BrewDog Jack Hammer is a relatively strong IPA, available from Beer Head. This is a stronger and bitter beer compared to BrewDog’s Tangerine Clockwork or Dead Pony Club. Craft beer lovers will definitely love this one but may not be so popular due to it’s bitter taste which makes it quite a particular beer. Luckily for us, our tastebuds are used to strong bitter beer and this is definitely a keeper. If you are into bitter IPA, this is highly recommended.
Alcohol by volume: 7.2%
Beer type: IPA
Character, taste and aroma: This bitter IPA has aromas of pithy grapefruit which are quickly tailgated by a bitter hop hit which keeps on building.
Beer review from Beeradvocate
This beer pours a hazy, pale tarnished golden yellow colour, with three fingers of puffy, densely foamy, and rather bubbly off-white head, which leaves some spectral, hanging rockface lace around the glass as it slowly ebbs into nothingness. It smells of somewhat dank pine resin, orange and lemon cream citrus notes, bready and grainy caramel malt, toffee pudding, a twinge of earthy yeast, and further leafy, herbal, and floral hop bitters. The taste is gritty, grainy caramel malt, musty pine needles, more indistinct green forest floor astringencies, some tropical fruit (guava, pineapple, and kiwi, mostly), more pedestrian orange and red grapefruit flesh, and the same additional floral, herbal, and kind of perfumed hops from the nose.

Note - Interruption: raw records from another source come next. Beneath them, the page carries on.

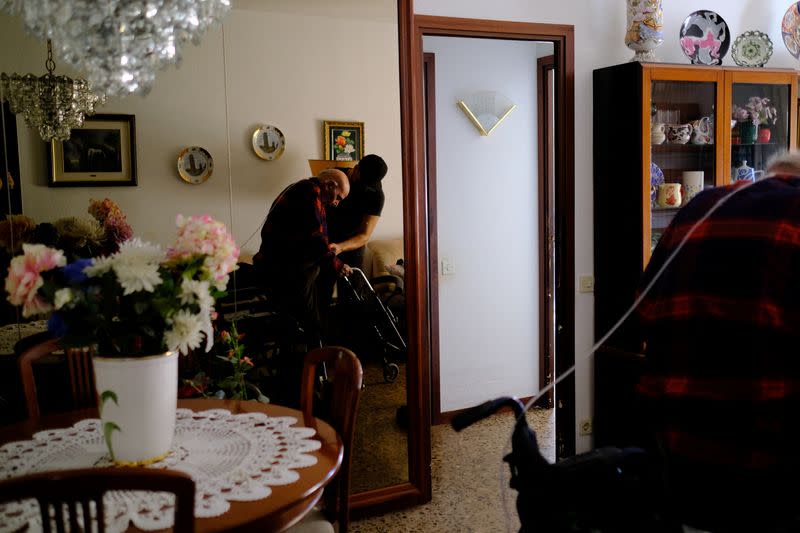 The Wider Image: High power prices drive some patients in Spain into poverty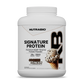 Large plastic tub of Signature Protein in cookies and cream flavor.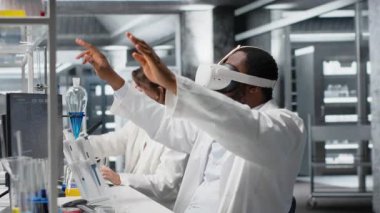Laboratuvarda DNA veri analizi için bilgisayar ve VR kulaklık kullanan bir bilim adamı. Modern laboratuvarda biyoenformatik genomik yazılımı ve sanal gerçeklik teknolojisi kullanan Afrikalı Amerikalı bir adam, kamera B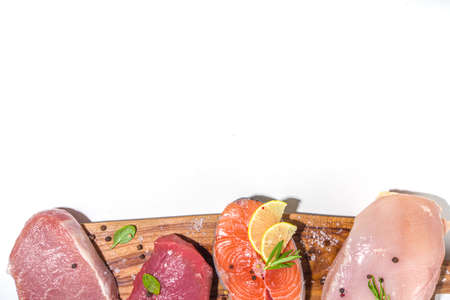 Various natural food, high animal protein sources - pork, beef meat steaks, chicken breast fillet, eggs, salmon fish on white table background top view copy spaceの写真素材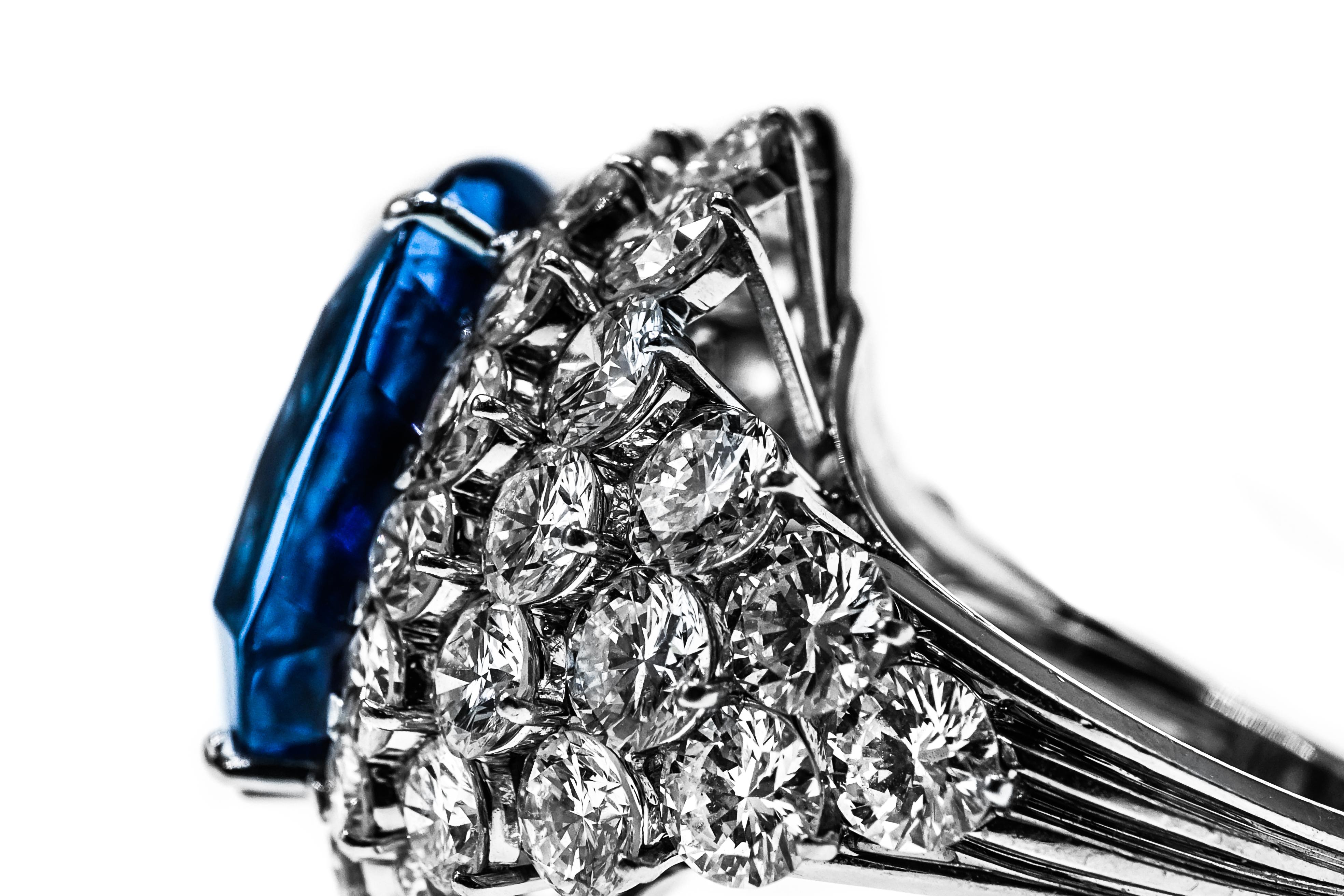 Spectacular Massive Sapphire and Diamond Ring, France
Centering one cushion-shaped sapphire approximately 46.31 cts., surrounded and flanked by 48 round diamonds approximately 11.80 cts., with makers mark and French assay mark, approximately 18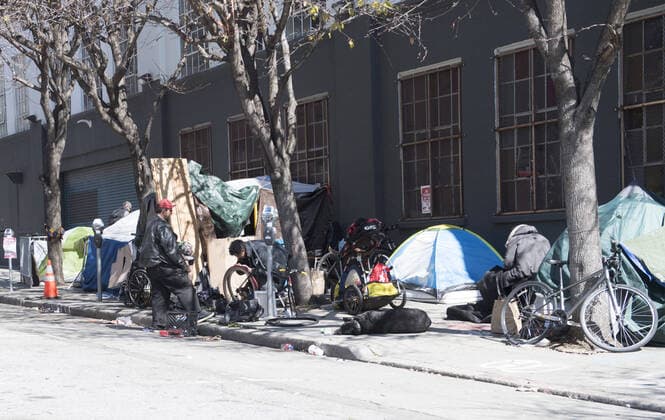 Tents and homeless occupy the sidewalk in San Francisco on Friday, April 3, 2020. San Francisco is trying to spread out their homeless to avoid the coronavirus.  SXP2020040309 TERRYxSCHMITT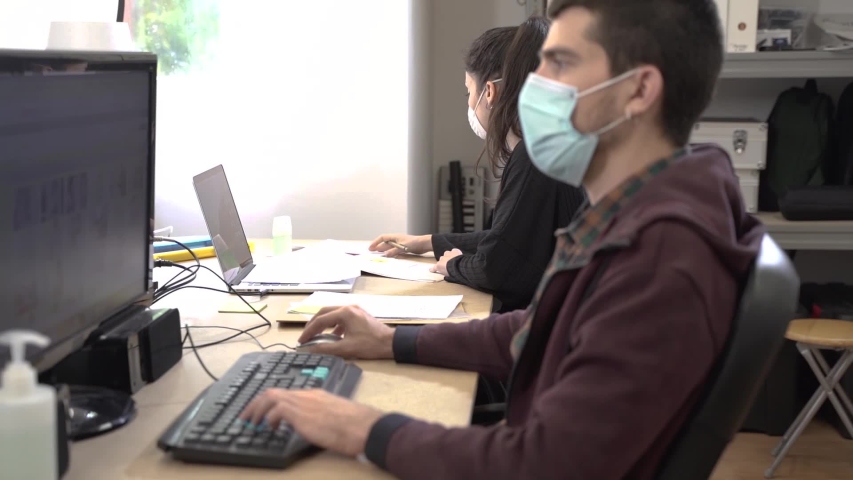 Coronavirus. Business workers working from home wearing protective mask. Small company in quarantine for coronavirus working from home with sanitizer gel. Small company concept. | Shutterstock HD Video #1052480311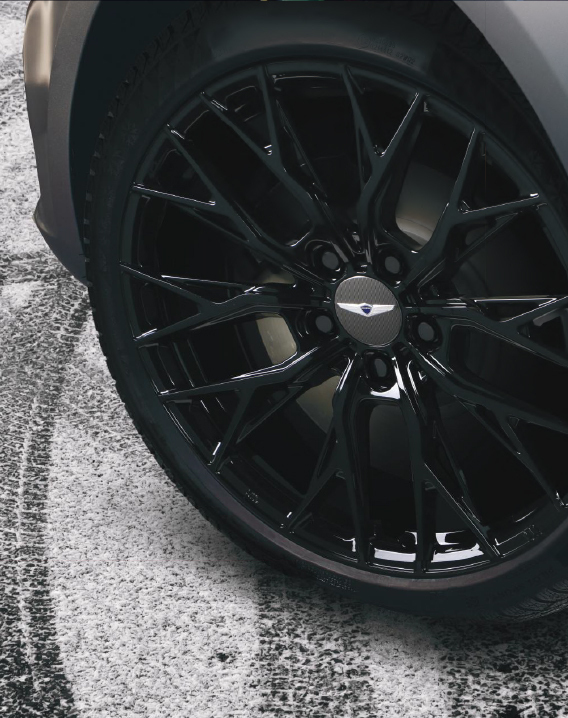 Black Genesis rim and tire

The bubbles are fairly unassuming in their supportive and playfully frothy measures, the body a solid medium weight, and generally smooth, the local hops minding their own bidness – so much so, that a pleasant creaminess arises as things warm up a bit. It finishes on the sweet side, as complex malt, fruity hop, and heretofore undetected (cognitive dissonance FTW) alcohol make it just so. An agreeable enough American-style IPA, but hardly something that provides the incisive palate incursion as inferred via the title of this offering. Par for the course, once again for Brewdog, i.e. the beer is actually pretty good, but not quite as good as their egos and marketing budget, it would seem.